[Opening Source information section]

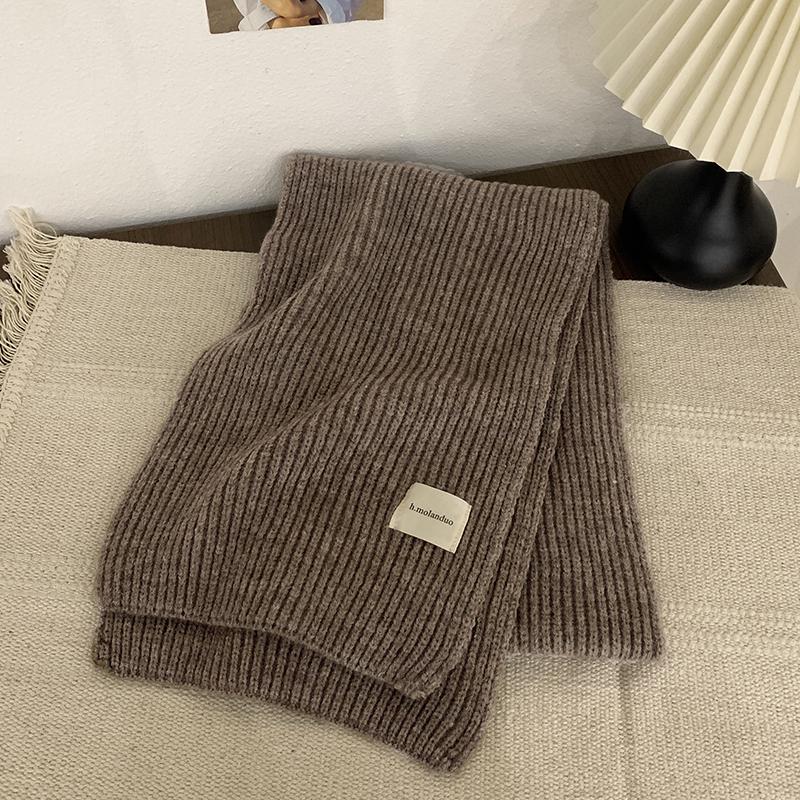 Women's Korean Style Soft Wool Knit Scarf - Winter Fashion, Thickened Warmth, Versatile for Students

[Closing Source information section]
[Opening Source information section]

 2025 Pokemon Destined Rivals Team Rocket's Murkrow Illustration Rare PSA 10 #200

[Closing Source information section]
[Opening Source information section]

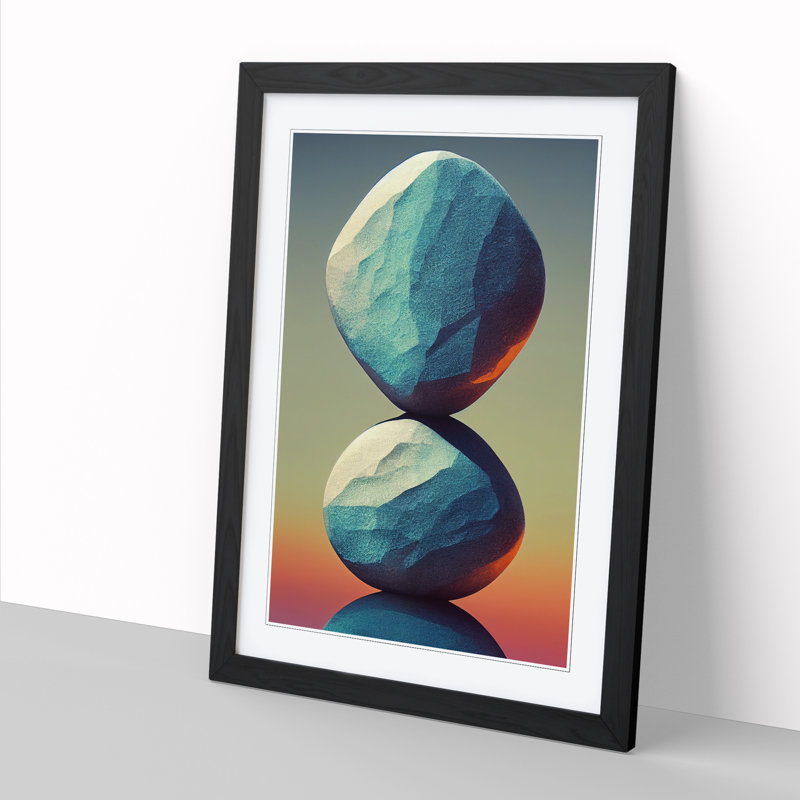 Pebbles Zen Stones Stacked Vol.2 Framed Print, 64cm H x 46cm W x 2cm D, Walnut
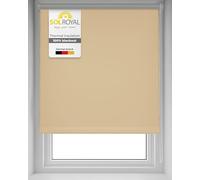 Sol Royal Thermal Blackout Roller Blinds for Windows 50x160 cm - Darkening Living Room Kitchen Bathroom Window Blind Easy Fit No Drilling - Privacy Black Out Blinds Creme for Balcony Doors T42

[Closing Source information section]

- Task instructions
What are the lines in the records above, word for word, from the one containing "Pebbles Zen Stones" through the one containing "Sol Royal Thermal", both ends included and pictures left out?

- Answer to the problem
 Pebbles Zen Stones Stacked Vol.2 Framed Print, 64cm H x 46cm W x 2cm D, Walnut
 Sol Royal Thermal Blackout Roller Blinds for Windows 50x160 cm - Darkening Living Room Kitchen Bathroom Window Blind Easy Fit No Drilling - Privacy Black Out Blinds Creme for Balcony Doors T42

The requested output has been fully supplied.